Long-term stability of an infusion containing ketamine, morphine and lorazepam in syringe at 5±3°C

M.-L. Colsoul 1,4, J.-D. Hecq2,4, L. Defrene1, N. Goderniaux1,4, , M. Closset1,4, L. Soumoy2,4, B. Bihin3,4, J. Jamart4, L. Galanti1,4 1 Medical Laboratory, CHU UCL Namur, 1 avenue Therasse, 5530 Yvoir, Belgium
2 Department of Pharmacy, CHU UCL Namur, 1 avenue Therasse, 5530 Yvoir, Belgium
3 Scientific Support Unit, CHU UCL Namur, 1 avenue Therasse, 5530 Yvoir, Belgium
4 Drug Stability Research Group, CHU UCL Namur, 1 avenue Therasse, 5530 Yvoir, Belgium

Background and objective:
Patients in palliative care are injected with a sedation infusion containing ketamine, morphine and lorazepam in order to relieve pain. This infusion is prepared by the nursing staff according to demand, but the awareness of its long-term stability could allow a preparation in batch and in advance by a Centralized IntraVenous Additive Services (CIVAS). The aim of this study was to evaluate the physicochemical stability in syringes at 5±3°C of the injectable with two different levels of concentration commonly used.

Method:
Five syringes were prepared under aseptic conditions for each level of concentration (low concentration: ketamine 1.5 mg/ml, morphine 1.5 mg/ml and lorazepam 0.1 mg/ml; high concentration: ketamine 5 mg/ml, morphine 6 mg/ml and lorazepam 0.3 mg/ml). Solutions were stored at 5±3°C for 25 days and the stability was periodically investigated (each day the first week, then 3 times a week). Particle appearance or colour change were checked by visual inspection while crystals were searched under the microscope. pH was measured to assess its stability and absorbance at 350, 410 and 550 nm were monitored to estimate the solution turbidity. The molecules concentrations were measured by Ultra-High Performance Liquid Chromatography (UHPLC) – diode array detection.

Results:
Crystals were visible to the naked eye after 23 days in syringes of low concentration and after 11 days in syringes of high concentration. Some crystals were already observed under the microscope after 7 days in high concentration solutions. pH and absorbance at 410 and 550 nm were stable. Absorbance at 350 nm showed a decrease after 11 and 7 days in low and high concentration infusion respectively, suggesting the degradation of a compound absorbing at this wavelength.

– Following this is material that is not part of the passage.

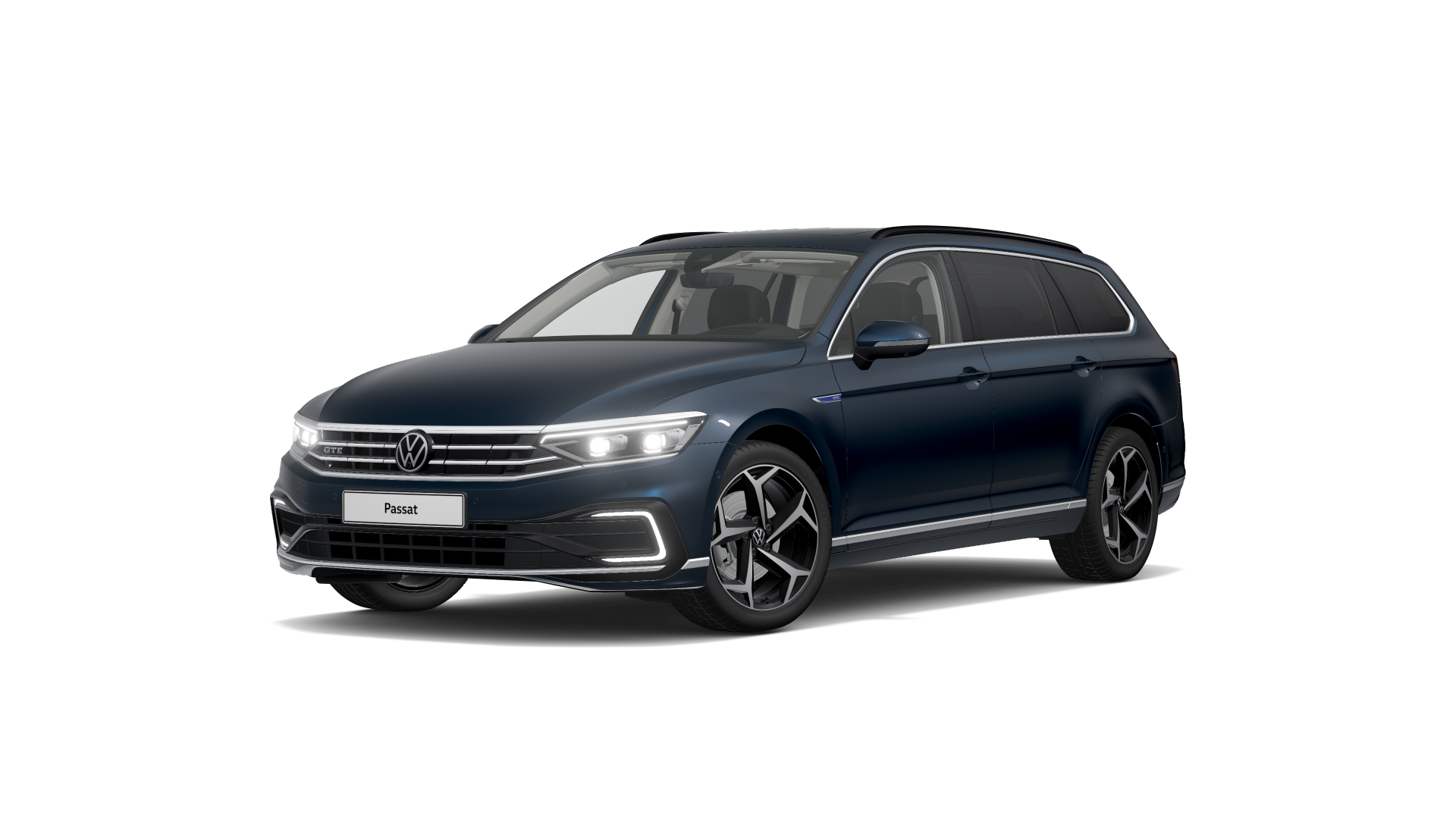 Volkswagen Passat 1.4 TSI DSG Variant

Following the ICH guidelines, solutions were considered chemically stable while the lower one-sided confidence limit at 95% remains superior to 90% of the initial concentration. Ketamine and morphine were stable for 25 days while lorazepam was unstable after 3 days in low concentration solutions and 1 day in high concentration solutions.

Conclusion:
Infusions containing ketamine, morphine and lorazepam used in palliative care are unstable at 5±3°C after 3 or 1 day(s), depending of the concentration. Consequently, it is not possible to consider its preparation in advance by a CIVAS.